Departments and divisions can tap into provisioning of servers and services with a bit of red tape, but overall effectiveness.Look at the explosion of business uses as soon as the broader use of the Web replaced using time-sharing on mainframe computers.
IaaS obviously has much more at stake than SaaS, but the payoff can be much greater especially as companies specify their cloud policies and let their divisions run wild.
Based on other trends with technologies that can be 'bought on a credit card', the quick hitters tend to be bought by the business side of the house and the longer term things are bought by IT.
In this scenario, if a scientist needs to get something done on a one time, ad hoc basis, the cloud offering may be quicker, or at least less painful than going to IT. If the cloud offering does not work out, they can still fall back to IT for the service and have ventured little, thus they don't have much to lose.

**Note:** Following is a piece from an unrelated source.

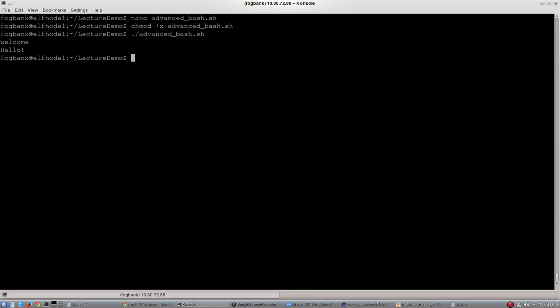There we go. You can see the two different outputs. The first one just prints the string of letters w-e-l-c-o-m-e, and the second one prints out the value of that variable.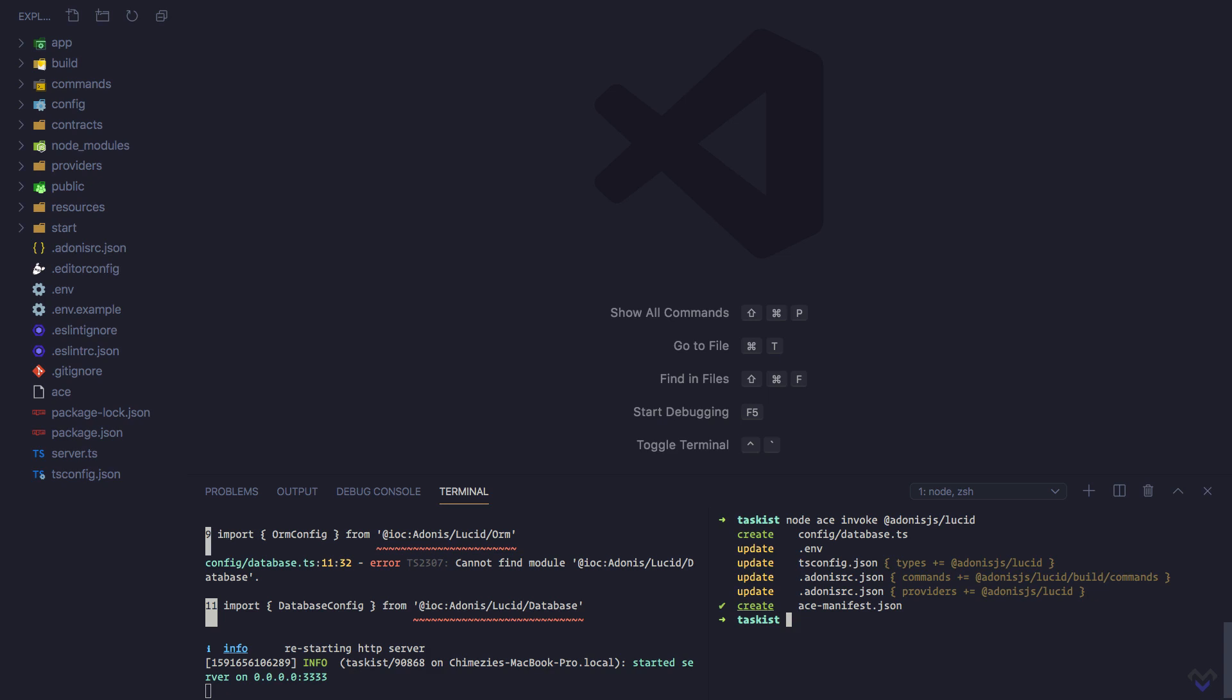In this course, we'll be using MySQL, so let's install the MySQL driver for Node.js: npm install mysql.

However, if the IT organization makes a decision to move to the IaaS offering, they are still going to be held accountable by the business. If it fails, they don't have anyone one else to fall back on.
Even in case where IT is trying to be responsive, the risk is pretty big. Image if the business users comes to IT for a quick project and the IT team recommends an IaaS offering. If it fails, the business team will hold IT accountable for the failure. If the user had gone on their own, the attitude would be more accepting since the business person had not set expecations of the solution working perfectly.
IT organizations need to embrace the IaaS offerings, understanding the risks that they pose and propose them as alternative solutions to the end users, with all the caveats of the potential issues or at least set the expectation that the solution might not meet the users needs. It's not an easy line to walk for IT, but we need to learn from users, and take chances and at the same time educate our users to the pros and cons (there are 2 sides).